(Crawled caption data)
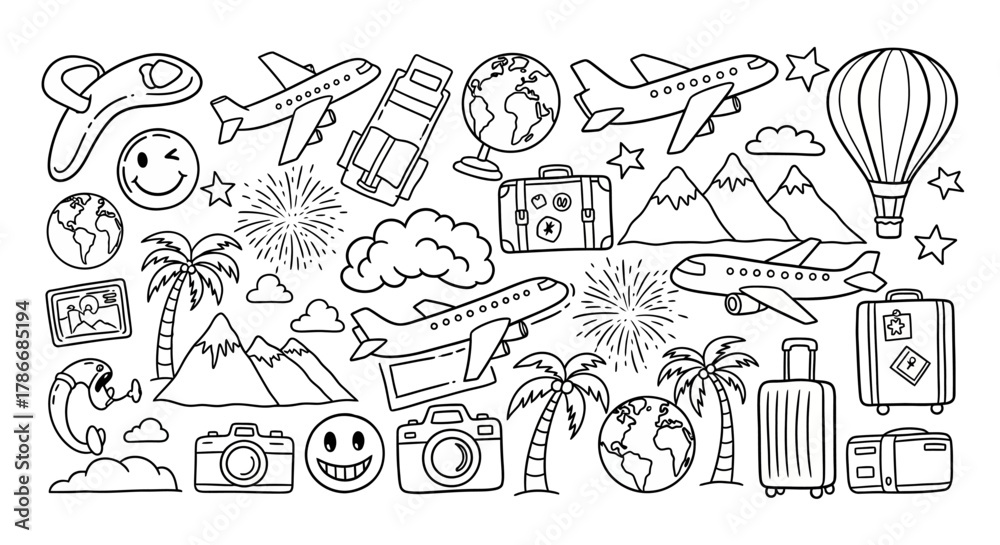 Fototapeta premium hand drawn vector set of hand drawn illustrations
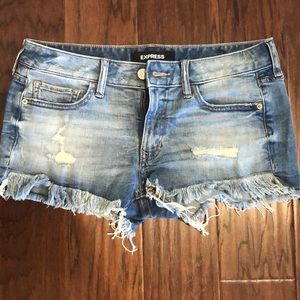Express Distressed Cut Off Denim Shorts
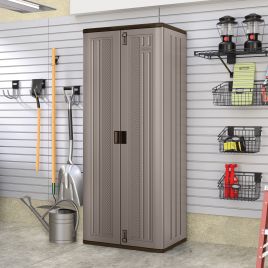 CALVERIN Tall Garden Storage Cabinet - Grey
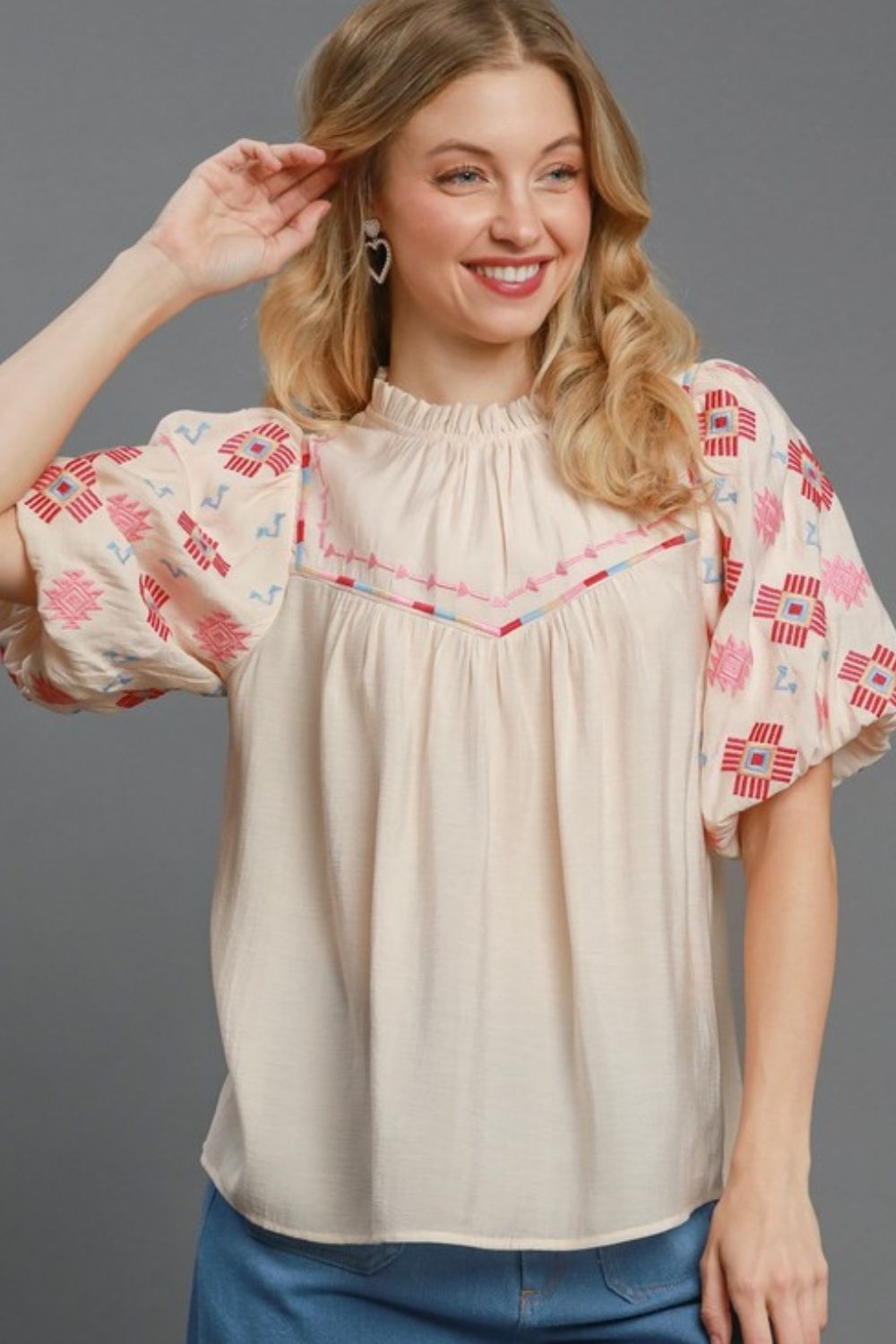 Umgee full size embroidered puff sleeve mock neck top, plus size.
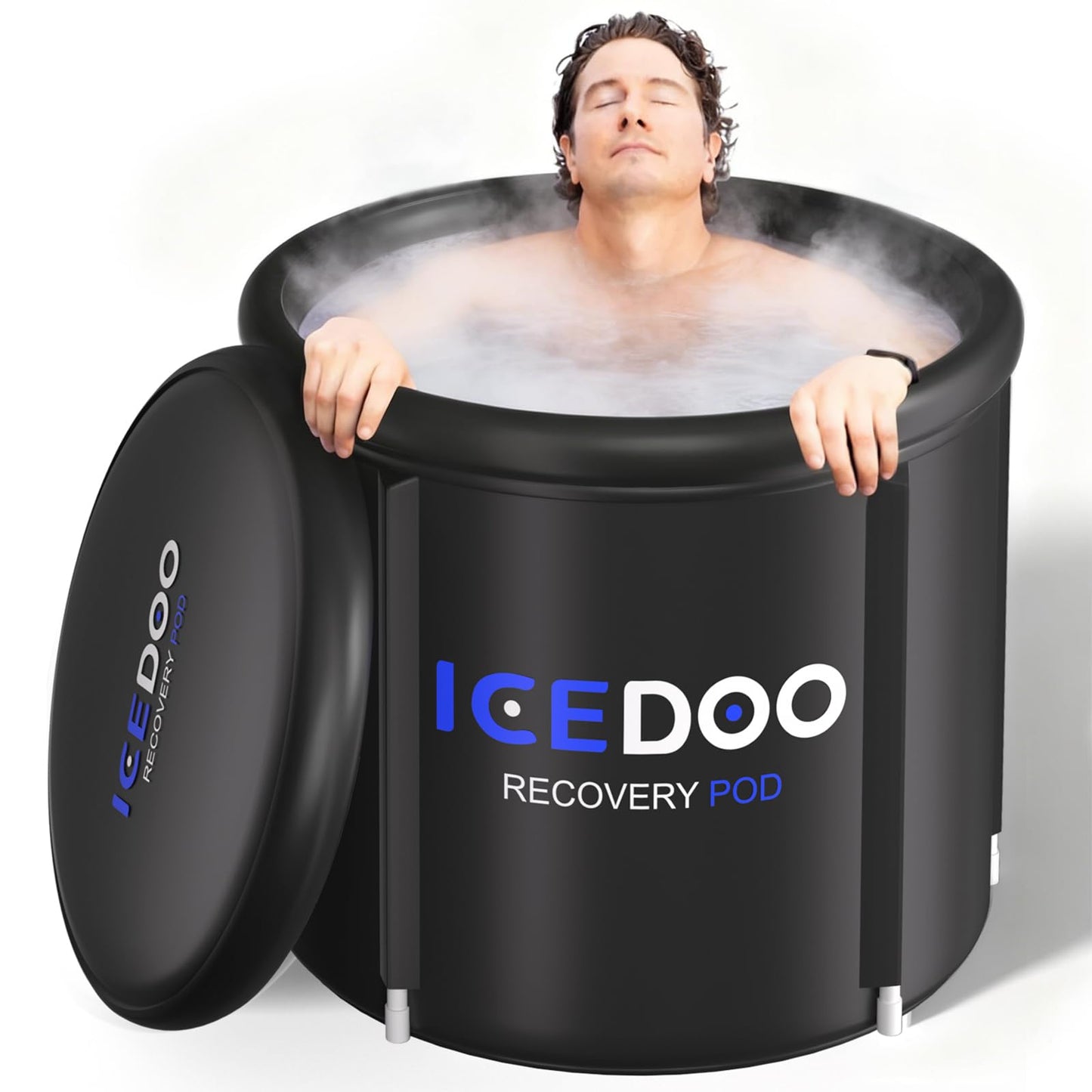 Upgrade XL Ice Bath Tub for Athletes, 119 Gallons Hot & Cold Plunge Tub with Cover for Recovery, Cold Water Therapy, Multiple Layered Portable Whirlpool Bathtubs for for Home, Gym & Outdoor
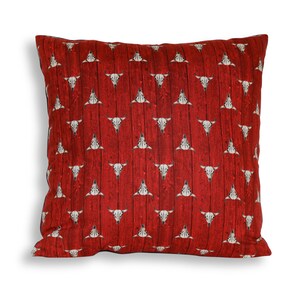 Federa per cuscino con teschio di mucca: Red Southwest Decor, cotone reversibile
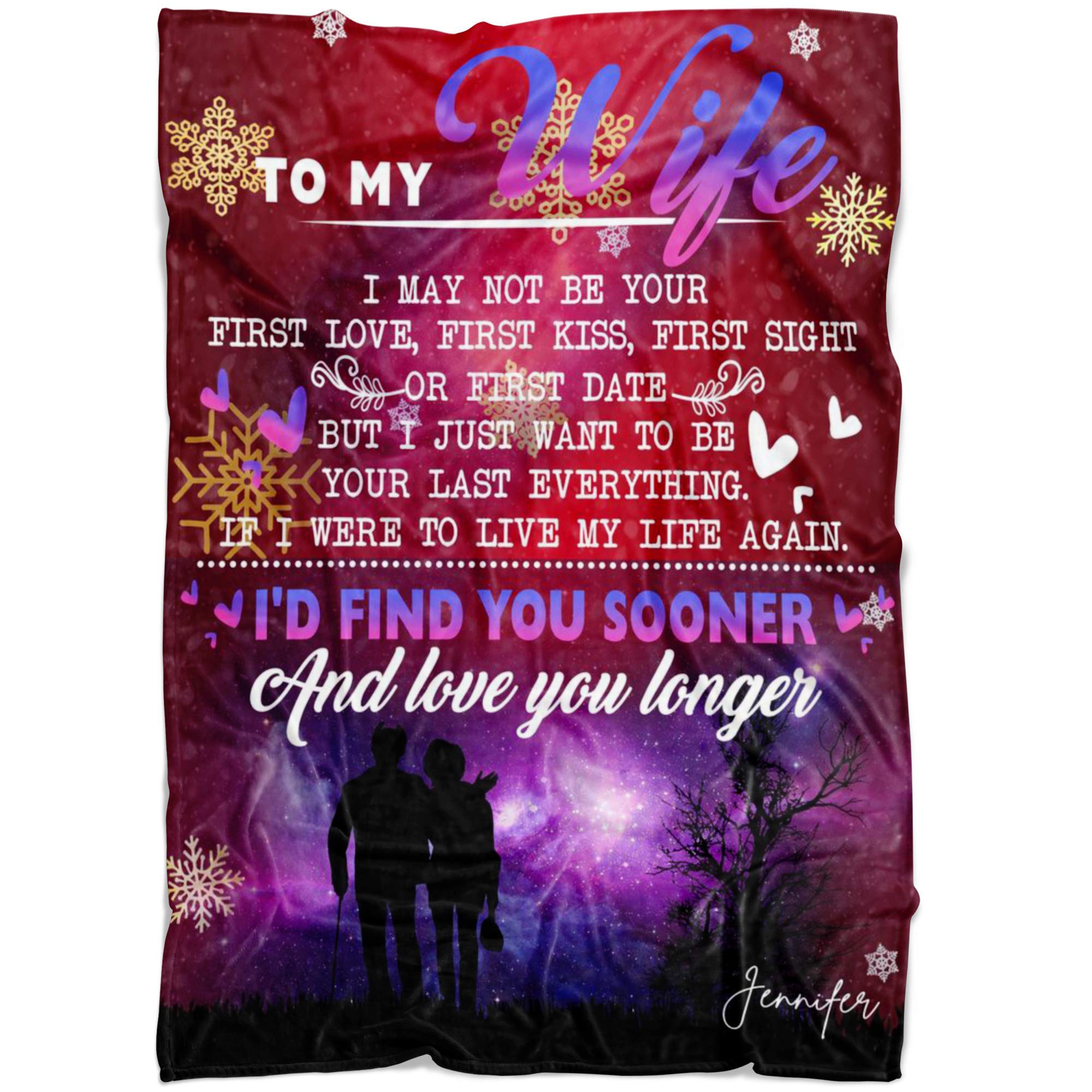 Personalized Name Blanket for Couples - Custom Embroidered Throw Blanket with Names - Romantic Gift for Wife/Husband - Anniversary & Birthday Present - Perfect for Cuddling on Sofa, Bed or Picnic Dates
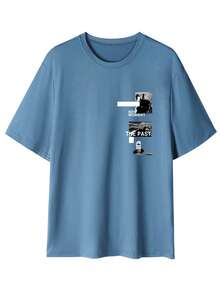 Men's Graphic Print Round Neck Short Sleeve T-Shirt, Summer - Blue - View 2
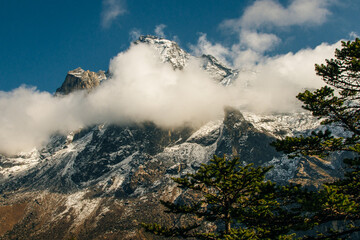 panorama view of Mount Everest massif Nuptse, Lhotse and Ama Dablam from Namche Bazar, Himalayas, Nepal. - obrazy, fototapety, plakaty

* _Try it_: Your answer should consist of the lines above between those holding "Upgrade XL Ice" and "Federa per cuscino", inclusive, reproduced word for word and without pictures.

* _Answer_:
 Upgrade XL Ice Bath Tub for Athletes, 119 Gallons Hot & Cold Plunge Tub with Cover for Recovery, Cold Water Therapy, Multiple Layered Portable Whirlpool Bathtubs for for Home, Gym & Outdoor
 Federa per cuscino con teschio di mucca: Red Southwest Decor, cotone reversibile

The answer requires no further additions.